Solar Position Script
Below is a script that will calculate the solar azimuth and altitude (i.e. the position of the sun in the sky) and put the values in two virtual devices. These devices can then be used to determine whether to close blinds/shades, etc. I found the base code on the internet and have been running it here for a couple of days and seems to be relatively accurate (at least for my location). To use it, create two virtual devices (see screenshots below), and edit the script with the reference IDs of those devices and also your local lat/long. I run the script using a recurring event (every 5 minutes, but adjust to whatever you want for an update time). It's only been tested on Windows and may need some minor mods to work on linux.
Code:
'From c code posted here: http://www.psa.es/sdg/sunpos.htm
'VB.NET Conversion posted here: http://www.vbforums.com/showthread.php?832645-Solar-position-calculator
'converted for HomeSeer use by Sparkman v1.0
Imports System.Math
Sub Main(ByVal Parms As String)
Dim Debug As Boolean = False
Dim logName As String = "Solar Position"
Dim dLatitude As Double = [B]51.1[/B]
Dim dLongitude As Double = [B]-115.1[/B]
Dim hsAzimuthDevice As Integer = [B]1234[/B]
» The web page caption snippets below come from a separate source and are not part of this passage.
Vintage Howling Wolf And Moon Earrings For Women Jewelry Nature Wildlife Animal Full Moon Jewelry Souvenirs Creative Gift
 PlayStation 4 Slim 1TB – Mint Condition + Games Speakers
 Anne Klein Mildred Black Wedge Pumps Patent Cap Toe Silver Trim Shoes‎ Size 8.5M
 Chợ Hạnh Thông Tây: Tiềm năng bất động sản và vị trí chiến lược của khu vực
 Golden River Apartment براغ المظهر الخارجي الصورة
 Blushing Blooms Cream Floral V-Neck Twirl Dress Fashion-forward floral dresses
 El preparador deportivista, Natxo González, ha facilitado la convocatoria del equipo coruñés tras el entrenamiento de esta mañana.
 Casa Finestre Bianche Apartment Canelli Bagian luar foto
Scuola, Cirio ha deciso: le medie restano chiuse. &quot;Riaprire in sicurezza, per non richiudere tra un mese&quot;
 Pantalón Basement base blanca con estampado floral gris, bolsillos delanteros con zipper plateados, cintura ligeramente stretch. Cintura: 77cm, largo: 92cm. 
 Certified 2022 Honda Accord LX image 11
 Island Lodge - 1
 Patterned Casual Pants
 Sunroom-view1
Dim hsAltitudeDevice As Integer = [B]1235[/B]
Dim pi As Double = 3.14159265358979
Dim rad As Double = pi / 180
Dim dEarthMeanRadius As Double = 6371.01
Dim dAstronomicalUnit As Double = 149597890
Dim iYear As Integer = DateTime.UtcNow.Year
Dim iMonth As Integer = DateTime.UtcNow.Month
Dim iDay As Integer = DateTime.UtcNow.Day
Dim dHours As Double = DateTime.UtcNow.Hour
Dim dMinutes As Double = DateTime.UtcNow.Minute
Dim dSeconds As Double = DateTime.UtcNow.Second
Dim dZenithAngle As Double
Dim dZenithAngleParallax As Double
Dim dAzimuth As Double
Dim dAltitudeAngle As Double
Dim dElapsedJulianDays As Double
Dim dDecimalHours As Double
Dim dEclipticLongitude As Double
Dim dEclipticObliquity As Double
Dim dRightAscension As Double
Dim dDeclination As Double
Dim dY As Double
Dim dX As Double
Dim dJulianDate As Double
Dim liAux1 As Integer
Dim liAux2 As Integer
Dim dMeanLongitude As Double
Dim dMeanAnomaly As Double
Dim dOmega As Double
Dim dSin_EclipticLongitude As Double
Dim dGreenwichMeanSiderealTime As Double
Dim dLocalMeanSiderealTime As Double
Dim dLatitudeInRadians As Double
Dim dHourAngle As Double
Dim dCos_Latitude As Double
Dim dSin_Latitude As Double
Dim dCos_HourAngle As Double
Dim dParallax As Double
Try
' Calculate difference in days between the current Julian Day and JD 2451545.0, which is noon 1 January 2000 Universal Time
' Calculate time of the day in UT decimal hours
dDecimalHours = dHours + (dMinutes + dSeconds / 60.0) / 60.0
' Calculate current Julian Day
liAux1 = (iMonth - 14) \ 12
liAux2 = (1461 * (iYear + 4800 + liAux1)) \ 4 + (367 * (iMonth - 2 - 12 * liAux1)) \ 12 - (3 * ((iYear + 4900 + liAux1) \ 100)) \ 4 + iDay - 32075
dJulianDate = CDbl(liAux2) - 0.5 + dDecimalHours / 24.0
' Calculate difference between current Julian Day and JD 2451545.0
dElapsedJulianDays = dJulianDate - 2451545.0
If Debug Then hs.writelog(logName,"Elapsed Julian Days Since 2000/01/01: " & CStr(dElapsedJulianDays))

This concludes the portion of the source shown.